### What is needed
For the entries that follow, retype exactly the lines from the one containing "Armenia vs Brazil, Brazilian" to the one containing "Diseño Popular piedra", inclusive, and only those. Images stay out of the copy.

### Records for this task

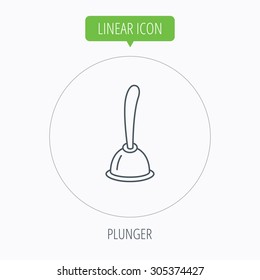 Plunger icon. Toilet cleaning tool sign. Linear outline circle button. Vector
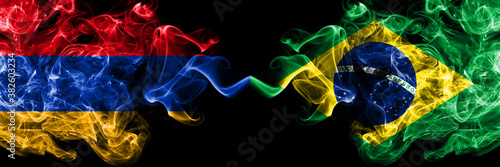 Armenia vs Brazil, Brazilian smoky mystic flags placed side by side. Thick colored silky abstract smoke flags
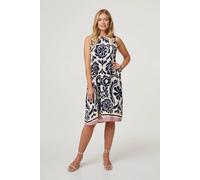Izabel London Printed Sleeveless Midi Shift Dress for Women UK with a Scoop Neck and a midi Length Hem. Navy
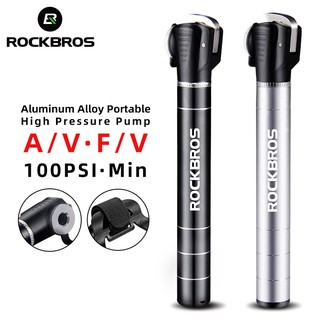 Rockbros เครื่องปั๊มลมยางจักรยาน อะลูมิเนียมอัลลอย ขนาดเล็ก แบบพกพา 100 PSI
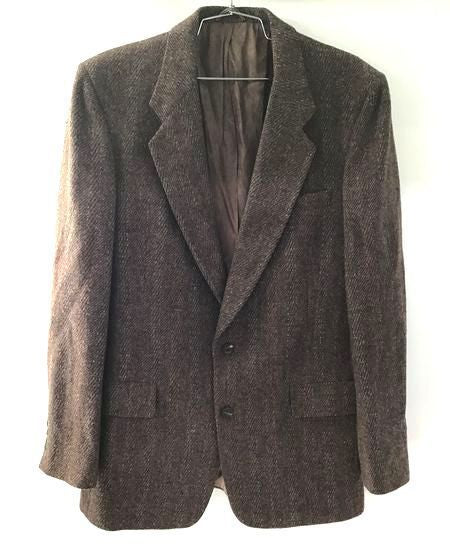 Christian Dior Men&#39;s Brown Wool Notch Lapel Single-Breasted Blazer W/COA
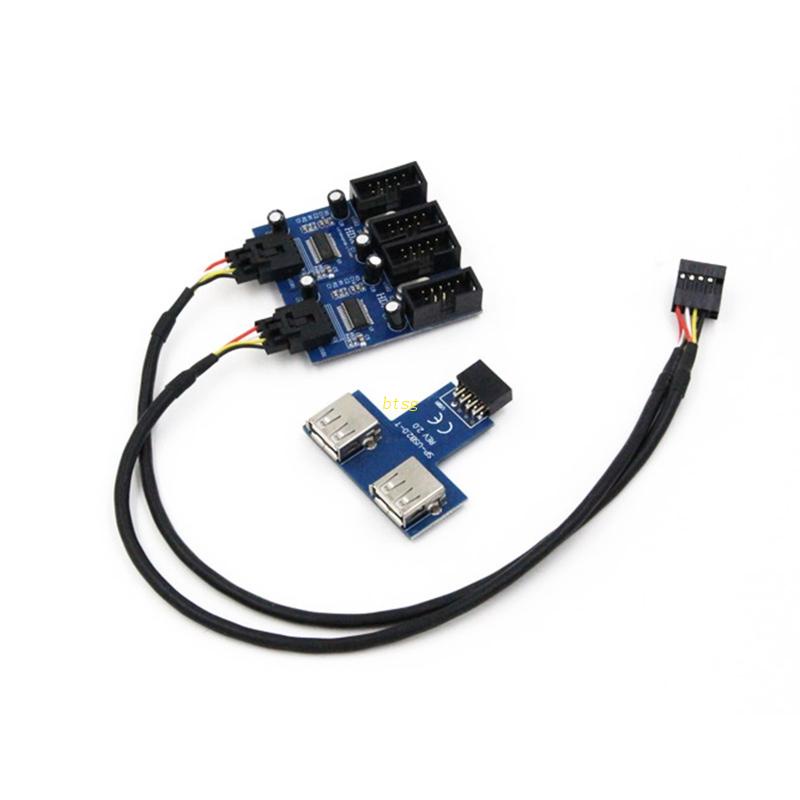 Btsg Motherboard Usb 2.0 9-pin Kabel Ekstensi Satu Ke Empat/One-to-Two Desktop Circuit Board Splitter Connector Adapter P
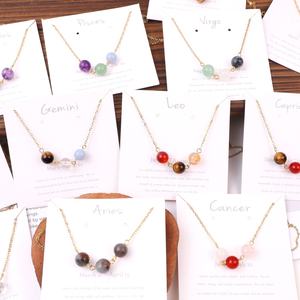 Diseño Popular piedra preciosa curativa Natural <span class=keywords><strong>amatista</strong></span> piedra de cuarzo rosa cristal collar del zodiaco <span class=keywords><strong>para</strong></span> mujer joyería - Product Image 1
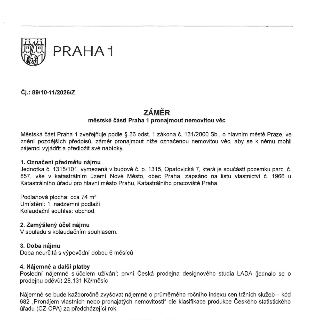 PRAHA 1, Čj.: 89/10-11/2026/Z. ZÁMĚR městské části Praha 1 pronajmout nemovitou věc. Městská část Praha 1 zveřejňuje podle § 36 odst. 1 zákona č. 131/2000 Sb.,…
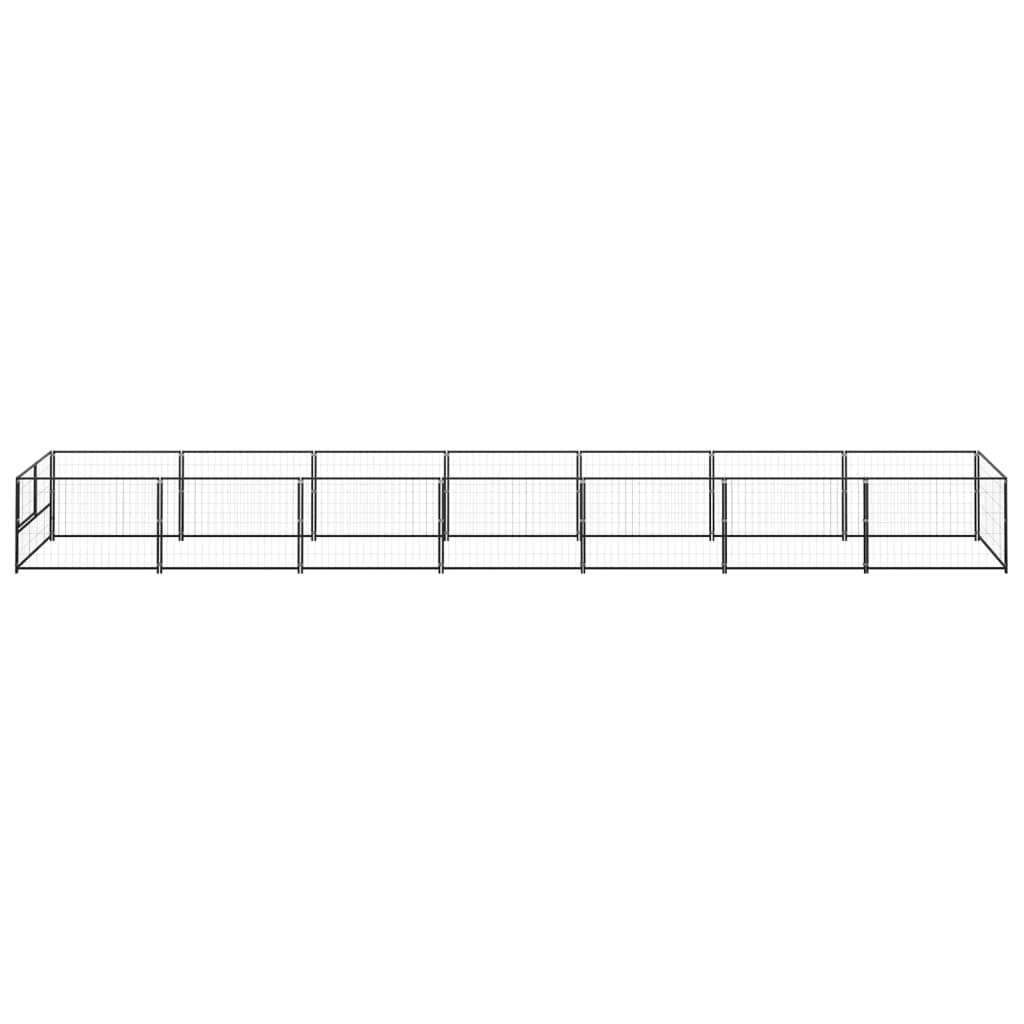 VidaXL Hondenkennel 7 m² staal zwart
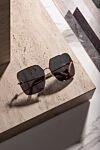 Очки солнцезащитные желтые из титана Cartier - кольцо Trinity на заушниках. оправа из титана. Линзы: градиентные линзы. Страна производитель: Франция. Уход: специализированная чистка - фото 6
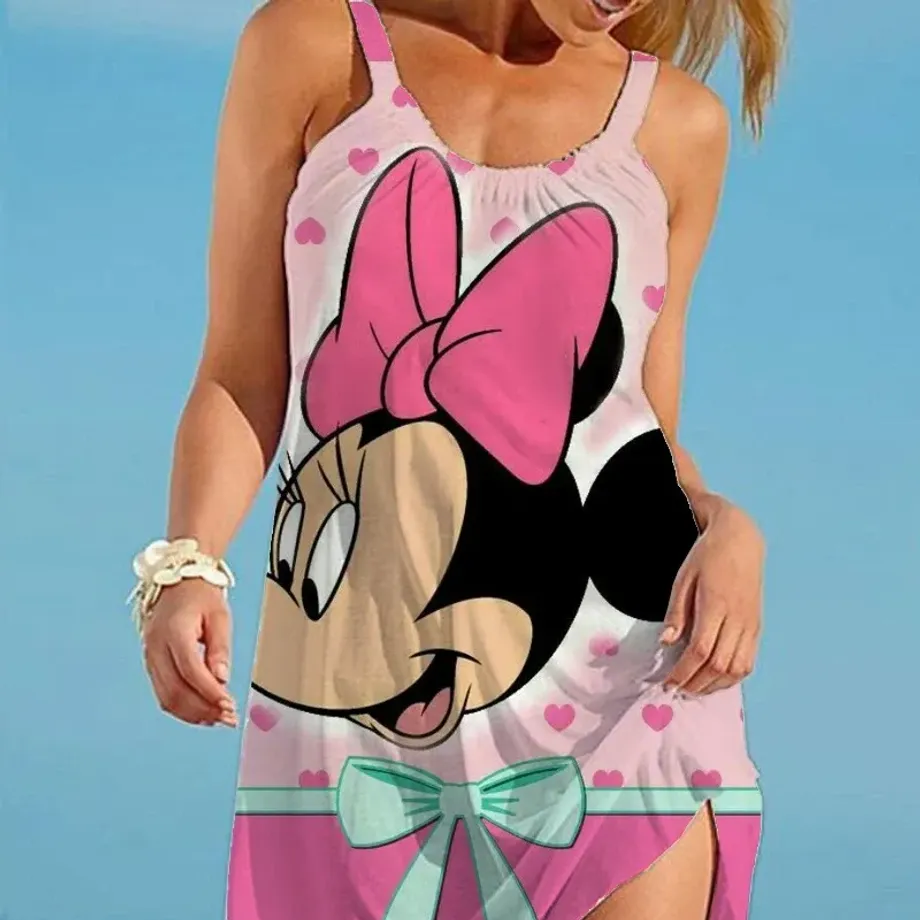 Roztomilý dámský elegantní šaty s potiskem Minnie Mouse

### Exercise solution
 Armenia vs Brazil, Brazilian smoky mystic flags placed side by side. Thick colored silky abstract smoke flags
Izabel London Printed Sleeveless Midi Shift Dress for Women UK with a Scoop Neck and a midi Length Hem. Navy
 Rockbros เครื่องปั๊มลมยางจักรยาน อะลูมิเนียมอัลลอย ขนาดเล็ก แบบพกพา 100 PSI
 Christian Dior Men&#39;s Brown Wool Notch Lapel Single-Breasted Blazer W/COA
 Btsg Motherboard Usb 2.0 9-pin Kabel Ekstensi Satu Ke Empat/One-to-Two Desktop Circuit Board Splitter Connector Adapter P
 Diseño Popular piedra preciosa curativa Natural <span class=keywords><strong>amatista</strong></span> piedra de cuarzo rosa cristal collar del zodiaco <span class=keywords><strong>para</strong></span> mujer joyería - Product Image 1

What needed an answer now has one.